(Editor’s Note: Brady Potts, stalwart recipe-taster, occasional food photographer, and general better half, will be stepping in from time to time with a little feature called Drinking With the Junior League, a round-up of cocktails from the cookbooks we’ve explored to date. Nearly every Junior League cookbook includes a section dedicated to lively punches and potent potables suitable for entertaining, and let’s face it, most of us could use a little branching out of our mixology skills. This week’s interlude will feature cocktails from Nashville Seasons, Bay Tables, and Charleston Receipts. Cheers!)
I like to imagine that those of you who’ve been following along with Mary’s journey into the hallowed archives of Junior League cookery have been as impressed as I have with my sweetie’s historiculinary exploits. “Golly,” I imagine you saying as you scroll past pictures of crawfish beignets and cereal tycoons, “there’s a gal who’s on the ball and cute to boot!” But most of all, I like to imagine that you are deeply, profoundly jealous of the amazing food I get to eat every week. And oh, you should be.

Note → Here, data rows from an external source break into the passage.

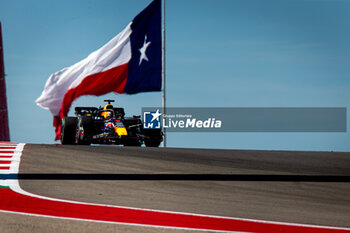 2023-10-20 - Max Verstappen (NED) Redbull Racing RB19

during FORMULA 1 LENOVO UNITED STATES GRAND PRIX 2023 - Oct19 to Oct22 2023 Circuit of Americas, Austin, Texas, USA - FORMULA 1 LENOVO UNITED STATES GRAND PRIX 2023 - FORMULA 1 - MOTORS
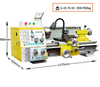 HS320B / 750mm MT5 SPINDE 750W MOTEUR MOTEUR MOTEUR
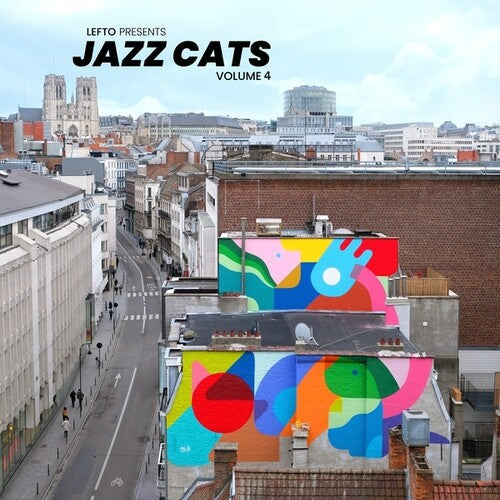 Various Artists: Lefto Presents Jazz Cats, Vol. 4 - (VINYL LP)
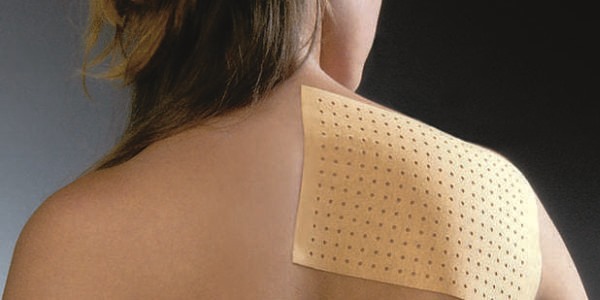 Все обезболивающие пластыри от остеохондроза делятся на 5 групп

(Except for the aspic. Hooboy.)
So in an effort to give Mary a breather – and in a transparent, sad attempt to be more like Don Draper – I’ve volunteered to plunge headfirst into the boozier chapters of the Junior League cookbook history, to a time where afternoon cocktails were a given, and a party just wasn’t a party unless there was a large crystal bowl filled with something pink and flammable, maybe with a pineapple floating in it. First on the list? Straight from Nashville Seasons, we have the classic strawberry Daiquiri.
6 jiggers dark rum
2 jiggers lime juice
Grenadine and sugar to taste
Sweeten lime juice with grenadine and sugar. Combine with rum and 1 tablespoon crushed strawberries. Place in blender of crushed ice, whirl and serve to four delighted guests.
-Mrs. Walter M. Morgan Jr.
My initial foray into boozing with the Junior League is a strange beast indeed. I’m not usually one for boat drinks, but after a long walk to the liquor store on a hot day to procure fixins for one of the more esoteric drinks on this week’s menu, it sounded like just the thing.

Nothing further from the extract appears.